While the writing and the detail of this book was good, I really could not get into this revision of Jane Eyre because of how thoroughly it alters every positive outcome of the novel. Even Mrs. Fairfax, who is a decent, God-fearing woman in the beginning of this book and in the original Jane Eyre, becomes a reluctant manipulative liar, who is not above selling out someone completely innocent - namely Jane Eyre - just for security. There were many times I wanted to stop reading because it made me very sad to be forced to see these characters twisted so. Even though Mrs.

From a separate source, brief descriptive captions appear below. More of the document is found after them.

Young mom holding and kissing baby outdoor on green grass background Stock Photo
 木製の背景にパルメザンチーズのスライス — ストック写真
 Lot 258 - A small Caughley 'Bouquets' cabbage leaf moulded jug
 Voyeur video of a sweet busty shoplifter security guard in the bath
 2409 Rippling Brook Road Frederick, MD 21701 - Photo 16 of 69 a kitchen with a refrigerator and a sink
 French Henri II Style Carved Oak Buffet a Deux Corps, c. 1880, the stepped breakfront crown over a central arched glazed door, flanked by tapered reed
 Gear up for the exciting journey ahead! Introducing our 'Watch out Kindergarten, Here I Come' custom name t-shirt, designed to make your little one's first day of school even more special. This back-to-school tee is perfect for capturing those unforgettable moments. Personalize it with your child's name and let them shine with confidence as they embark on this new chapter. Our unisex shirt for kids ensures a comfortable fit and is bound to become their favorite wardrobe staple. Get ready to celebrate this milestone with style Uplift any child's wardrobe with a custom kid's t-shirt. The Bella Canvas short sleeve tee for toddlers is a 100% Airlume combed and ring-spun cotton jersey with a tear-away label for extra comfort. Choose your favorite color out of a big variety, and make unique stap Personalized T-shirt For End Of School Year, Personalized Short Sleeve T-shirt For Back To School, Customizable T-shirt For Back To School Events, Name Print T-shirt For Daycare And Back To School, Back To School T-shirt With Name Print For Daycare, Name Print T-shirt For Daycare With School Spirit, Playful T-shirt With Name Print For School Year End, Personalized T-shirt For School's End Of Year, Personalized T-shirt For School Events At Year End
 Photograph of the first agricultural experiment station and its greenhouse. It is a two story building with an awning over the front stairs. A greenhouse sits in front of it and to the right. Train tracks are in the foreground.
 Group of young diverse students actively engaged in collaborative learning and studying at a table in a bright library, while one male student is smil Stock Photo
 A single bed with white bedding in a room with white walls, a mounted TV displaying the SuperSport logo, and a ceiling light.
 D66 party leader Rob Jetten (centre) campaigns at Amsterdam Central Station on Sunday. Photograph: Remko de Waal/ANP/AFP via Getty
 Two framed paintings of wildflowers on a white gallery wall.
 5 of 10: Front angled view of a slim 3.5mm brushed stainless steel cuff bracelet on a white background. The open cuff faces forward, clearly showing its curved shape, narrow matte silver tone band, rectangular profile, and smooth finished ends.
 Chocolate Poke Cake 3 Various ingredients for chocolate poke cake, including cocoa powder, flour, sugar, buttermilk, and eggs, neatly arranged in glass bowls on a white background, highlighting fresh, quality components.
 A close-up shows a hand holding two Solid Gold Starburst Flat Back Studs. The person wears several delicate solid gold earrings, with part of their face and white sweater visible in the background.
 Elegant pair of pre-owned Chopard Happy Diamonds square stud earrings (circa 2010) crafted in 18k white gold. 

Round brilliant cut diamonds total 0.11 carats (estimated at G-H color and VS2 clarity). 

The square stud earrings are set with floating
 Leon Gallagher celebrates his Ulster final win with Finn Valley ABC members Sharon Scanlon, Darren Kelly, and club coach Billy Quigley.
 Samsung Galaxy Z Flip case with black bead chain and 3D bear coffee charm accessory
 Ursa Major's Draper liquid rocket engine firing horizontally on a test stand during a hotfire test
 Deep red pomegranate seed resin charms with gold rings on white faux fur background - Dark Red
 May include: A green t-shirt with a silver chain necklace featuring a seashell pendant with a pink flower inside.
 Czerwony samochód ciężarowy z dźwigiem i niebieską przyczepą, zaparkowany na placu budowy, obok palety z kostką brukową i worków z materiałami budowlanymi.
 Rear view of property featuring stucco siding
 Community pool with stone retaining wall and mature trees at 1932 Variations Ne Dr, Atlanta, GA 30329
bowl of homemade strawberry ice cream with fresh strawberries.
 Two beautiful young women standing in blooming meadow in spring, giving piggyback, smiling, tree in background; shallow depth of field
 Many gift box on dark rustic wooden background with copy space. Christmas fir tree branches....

Fairfax does bear a conscience about the things that she does, it is just too unbelievable to me that she could be so careless of others, while carrying her bible with her at all times. And yet she looks down at the clergyman Mr. Wood for catering to the gentry, when she does so much worse.
Obviously my main problem with this book reflects how much I love the original novel and how much I disagree with this vision of Jane Eyre. So this is a very personal dislike of a novel that does keep your interest and is paced well and has some (unbelievable) twists. While the story is focused on Thornfield Hall, there is really very little secondary accounting of Rochester and Jane's romance - the focus is more on the plight of one unfortunate madwoman and of servants (especially female servants) in this time period. If this sounds like an interesting story to you and you are intrigued by seeing Bertha Mason redeemed or by a lightweight reworking of Jane Eyre in the vein of the novel Wide Sargasso Sea, then this might be a good read for you.
Just some thoughts on a few things about this novel that probably would not come as a complete surprise as twists in a retelling of Jane Eyre, but in case you are planning to read it, it's probably best that you don't read what is below. [Highlight to read]
The biggest issue I have with this book is that Bertha is alive by the end, and Mrs. Fairfax knows this and still allows Jane and Mr. Rochester the fiction of Bertha's death and lets them be married. Which is AWFUL - she is supposed to be a good person! After all that Jane has been through to avoid bigamy and becoming a mistress, she gets right back into it by the end. And Mrs. Fairfax is zero percent remorseful about that. Of course Mrs. Fairfax also knew that Bertha was Mr. Rochester's wife while Jane was living at Thornfield which I don't believe at all to be the truth of the original story, but of course in this book she doesn't mention it to Jane at all. Just awful. I found Mrs. Fairfax's reasoning for doing this to be very weak.